Corinna Leppin

Biography

Corinna is a PhD student at University College London (UCL), working in the UCL Tobacco and Alcohol Research Group. Her research interests include behavioural epidemiology, harm reduction, digital health, and intervention development. For her PhD project, she uses mixed methods to develop and evaluate a Just-In-Time Adaptive Intervention (JITAI) to prevent smoking lapses and aid in smoking cessation among smokers trying to quit.

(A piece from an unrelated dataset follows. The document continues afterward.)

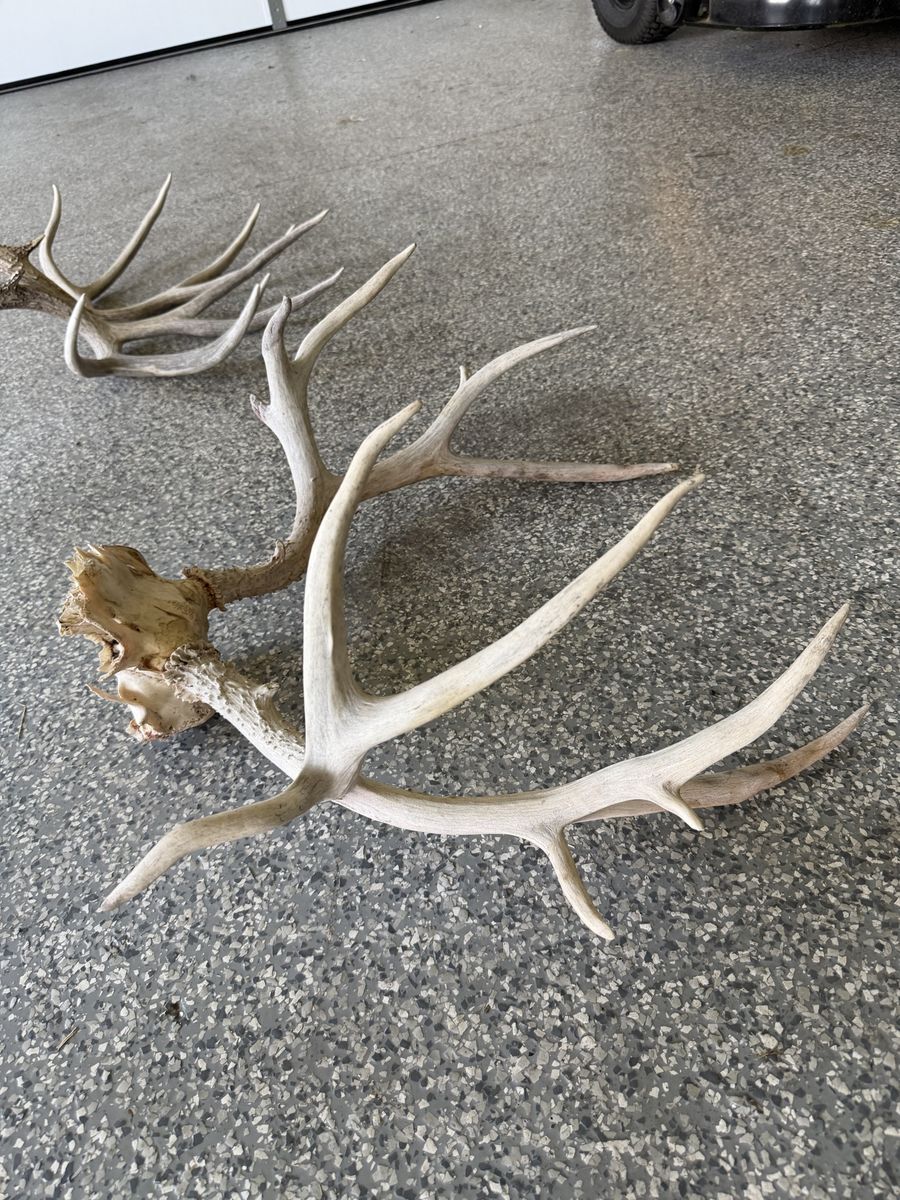 Deer Antlers for Sale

Prior to pursuing a PhD, she completed a BA in Psychological and Behavioural Sciences and an MSc in Health Psychology.

Abstract

Impact of sampling frequency, predictor count, and participant-specific data on predicting cigarette cravings and lapses in ecological momentary assessment data using random forests

This study aims to optimise ecological momentary assessment (EMA) sampling frequency, predictor selection, and training data requirements to balance user burden and the performance of supervised machine learning algorithms predicting high-risk moments for a smoking cessation just-in-time adaptive intervention (JITAI). It uses data from 37 smokers who completed 16 EMAs/day during the first 10 days of their quit attempt, reporting their mood, context, and behaviour. Random forest algorithms were used to predict lapses and cravings. Performance was evaluated using the median F1 score, examining the effects of varying the number of EMAs per day (16, 6, 5, 4, 3), number of predictors (via recursive feature elimination with cross-validation [RFE-CV]), and proportion of the test participant’s own data in the training set (none, 10%, 20%, 30%). Median F1 scores across out-of-sample individuals varied widely, though several trends emerged. Performance declined modestly with fewer prompts (e.g. 16 EMAs: 0.843, 5 EMAs: 0.791, 3 EMAs: 0.729). Feature reduction had a small effect (all predictors: 0.776, RFE-CV: 0.761). Surprisingly, algorithms using none of the test participant’s own data in the training set performed best (none: 0.795, 10%: 0.765, 20%: 0.736, 30%: 0.763). Although reducing the sampling frequency and number of predictors reduces the performance of algorithms predicting high-risk moments, the reduction is modest and may therefore present a reasonable trade-off with user burden when implementing smoking cessation JITAI. Omitting user-specific training data does not decrease performance, so could ease implementation and reduce user burden. Variable performance across individuals may limit the scalability of the algorithms.